There were 10 sales of condominiums, townhouses and duplex units in both 2012 and 2013. The dollar volume of those sales increased by about $1 million or 41 percent in 2013.
There are signs of life in new-home construction in the midvalley. The Willits residential developers are building a 10-unit condominium project, and three single-family home are under construction in Willits.
Lynn Kirchner, owner of Amore Realty in Carbondale, said the midvalley market is somewhere between healthy and unhealthy. “I’d say it’s still recovering,” she said.
At times the activity level was busy in 2013, she said. Inventory thinned out among the least expensive properties, triggering an “emotional” approach among some buyers.
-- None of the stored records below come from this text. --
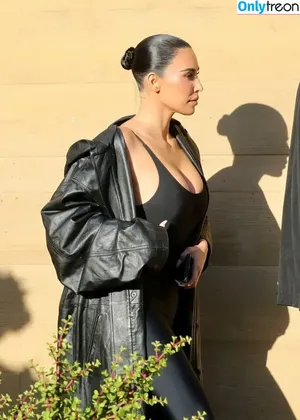 Kim Kardashian / KimKardashian / kim_kardashian nude photo #4194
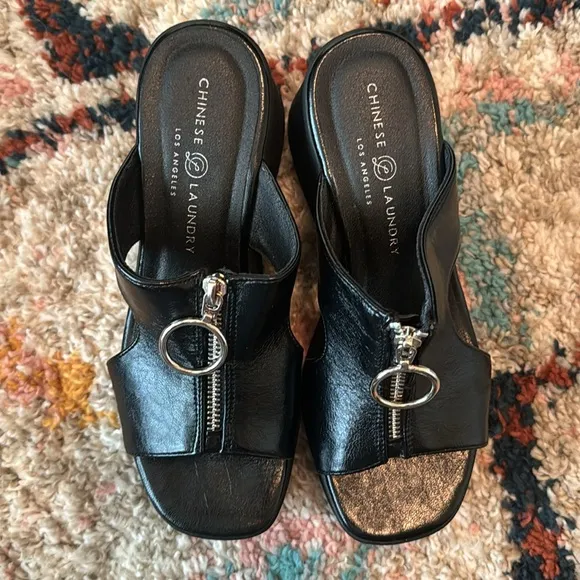 Chinese Laundry Black Zipper Platform Sandals size  6.5 like new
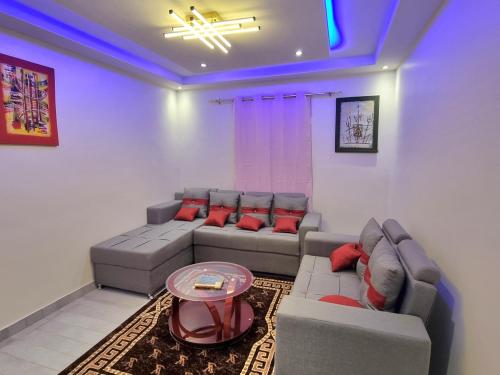 SUPERBE APPARTEMENT MEUBLÉ AU BORD DE LA PLAGE (SUPERBE APPARTEMENT MEUBLE AU BORD DE LA PLAGE) in Rufisque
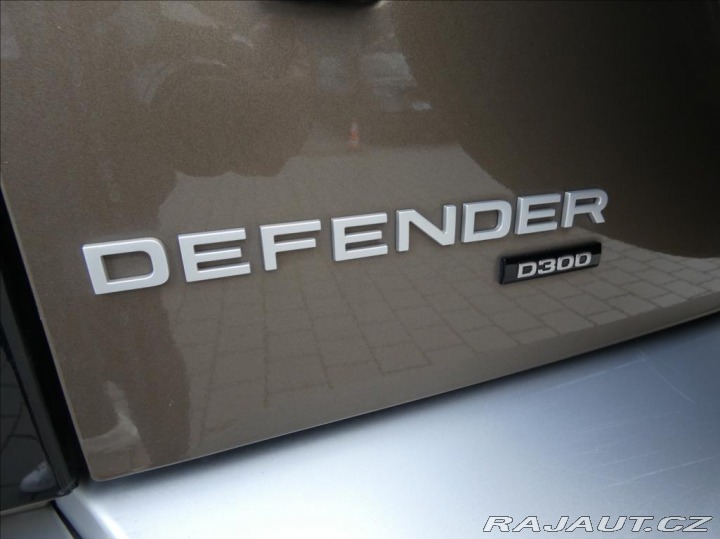Land Rover Defender 3,0 D300 110 SE,1.maj,ČR, 2022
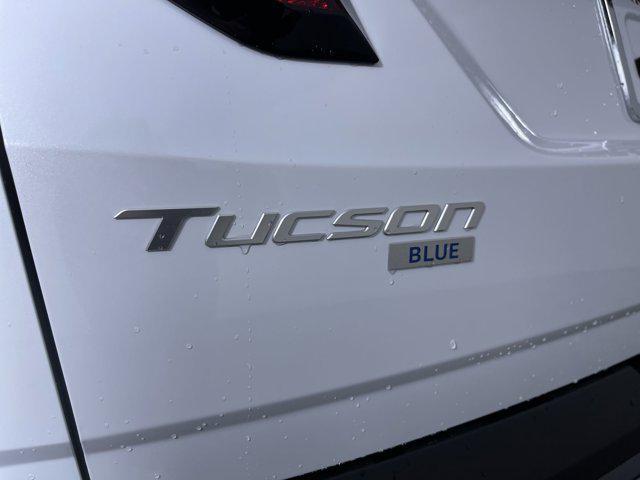 new 2025 Hyundai TUCSON Hybrid car, priced at $34,500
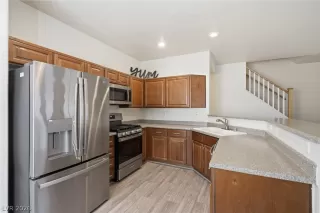 Photo #2: 2791269 Listing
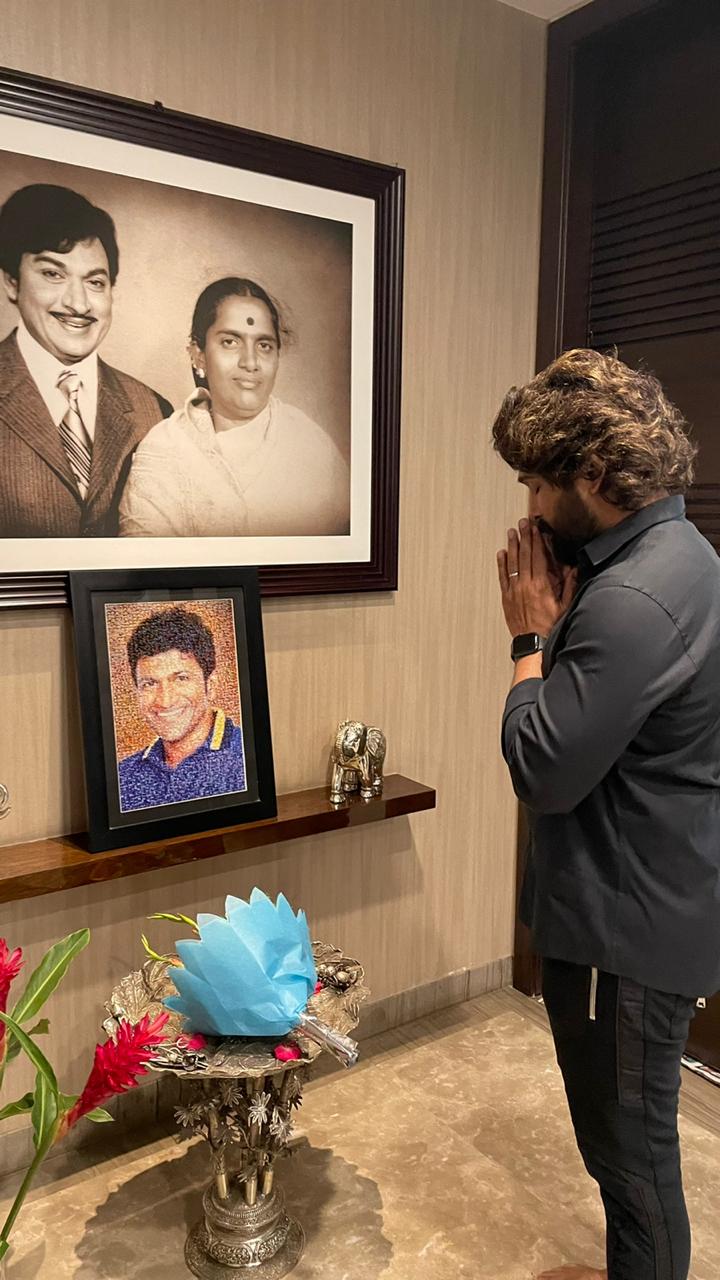 Allu Arjun Visiting Puneeth House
They felt they had to make an offer on what was available for fear there wouldn’t be other opportunities, according to Kirchner.
“There’s high demand for anything under $300,000,” she said. Inventory is limited in that price range.
On the other hand, she isn’t convinced that prices have bottomed out in all price ranges in the midvalley. Some sellers “didn’t get the memo” that buyers have emerged from the recession in a very cautious mood, Kirchner said.
“In some price points, they still have a ways to go — that’s over $600,000,” she said of price adjustments.
Lucas said midvalley prices were heavily impacted by distressed sales during the recession, starting in 2009. Bank sales and short sales, where sellers took less than they owed, drove down prices and established new “benchmarks.” Those types of sales are tapering off. For the Roaring Fork Valley as a whole, foreclosure filings fell 54 percent from 354 in 2012 to 161 in 2013, according to public trustee records in Pitkin, Eagle and Garfield counties.
But Kirchner said she believes the problem hasn’t completely eased even though the economy of the valley has improved.
“We still have too many people out of work,” she said. “We still have too many people struggling to make ends meet. There are people leaving the valley every day.”
Despite the ongoing hardships many people face, Kirchner said she is optimistic about continued improvement in the market in 2014.
Lucas said the Multiple Listing Service shows there are 29 properties currently under contract in the midvalley — 18 in Carbondale and El Jebel; six in Basalt; and five in Missouri Heights.
She sees ample evidence that the market has improved from where it was at three to five years ago. “It was at a standstill in the midvalley,” Lucas said.
But recovery is coming slowly.
“It is not a free-for-all out there,” she said.